___ Data ___
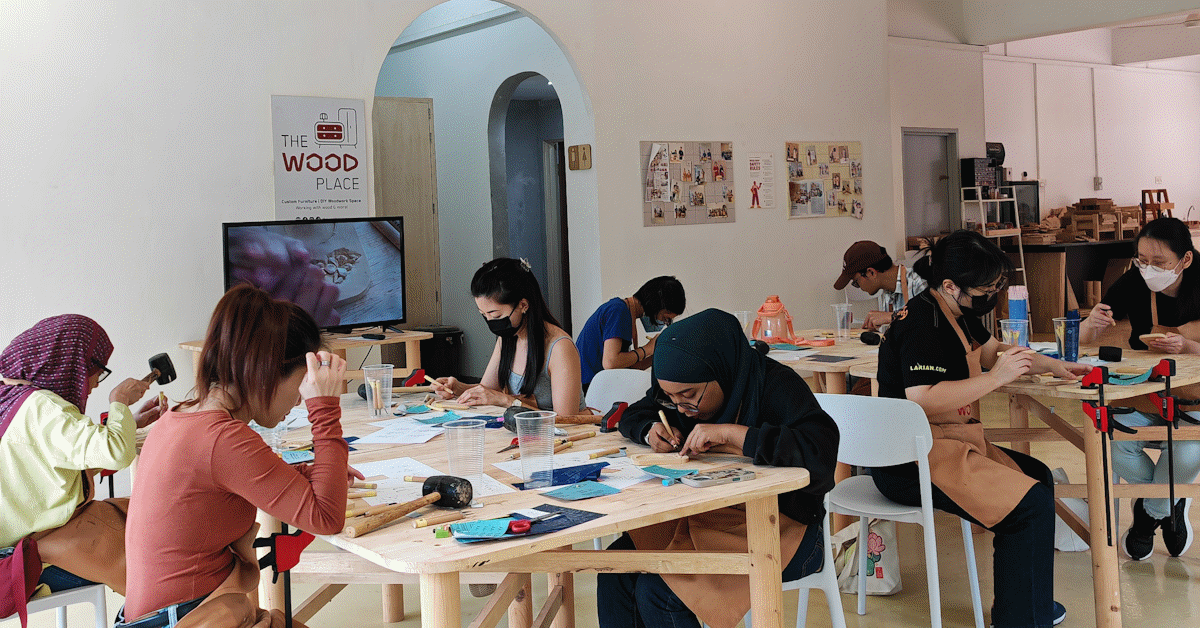 Our 1st Wood Carving Class: Bunga Raya Pocket Mirrors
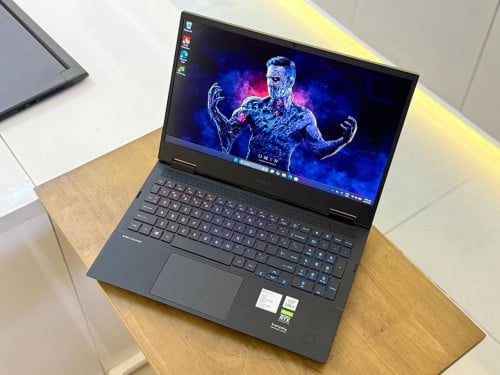 HP OMEN Laptop 15 ( Grade A )CPU Core i7-10th, RAM 16GB, SSD 512GB, VGA Nvidia RTX3070 8GB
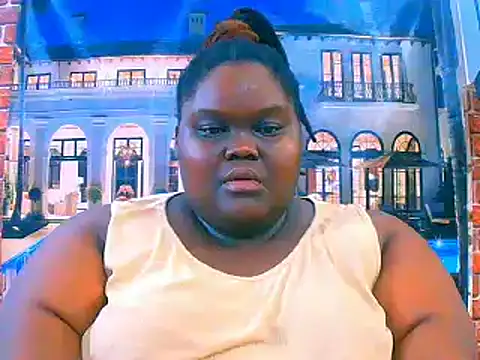 Snapshot of EbonyHotBuns chatting on April 2026 06:35:01 PM EbonyHotBuns online show from April 2026 06:35:01 PM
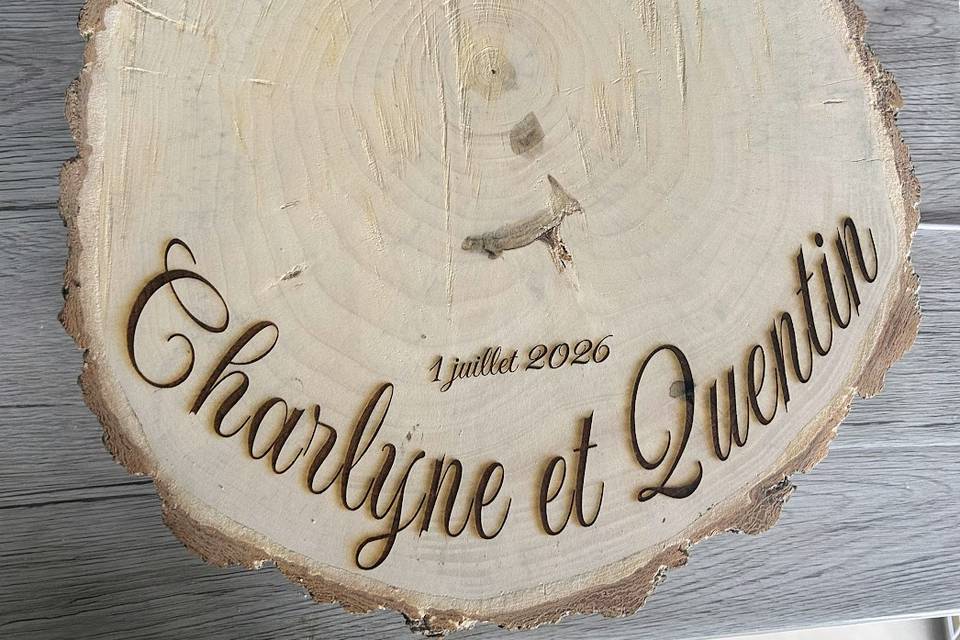 Gravure sur tranche en bois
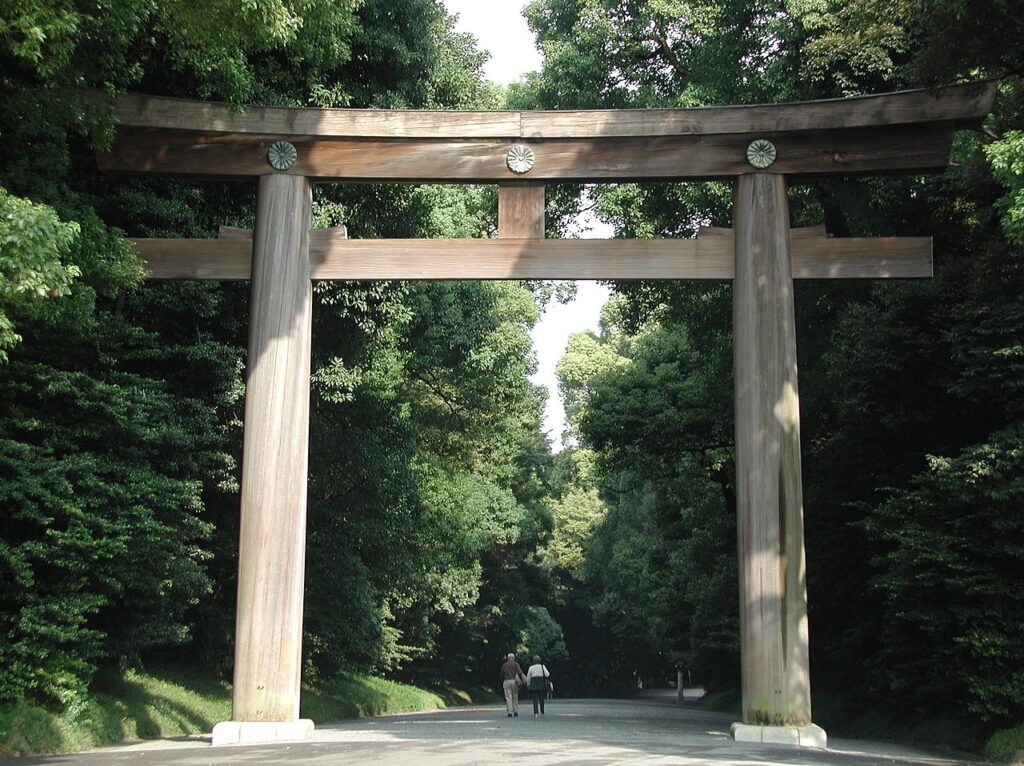 The first massive torii gate marks the entrance to the Shrine (Source: Wikipedia)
___
* _Exercise prompt_: If a line falls between the one containing "HP OMEN Laptop" and the last line of the records above, inclusive, restate it exactly; leave out the pictures and everything else.

* _Answer section_:
 HP OMEN Laptop 15 ( Grade A )CPU Core i7-10th, RAM 16GB, SSD 512GB, VGA Nvidia RTX3070 8GB
 Snapshot of EbonyHotBuns chatting on April 2026 06:35:01 PM EbonyHotBuns online show from April 2026 06:35:01 PM
 Gravure sur tranche en bois
 The first massive torii gate marks the entrance to the Shrine (Source: Wikipedia)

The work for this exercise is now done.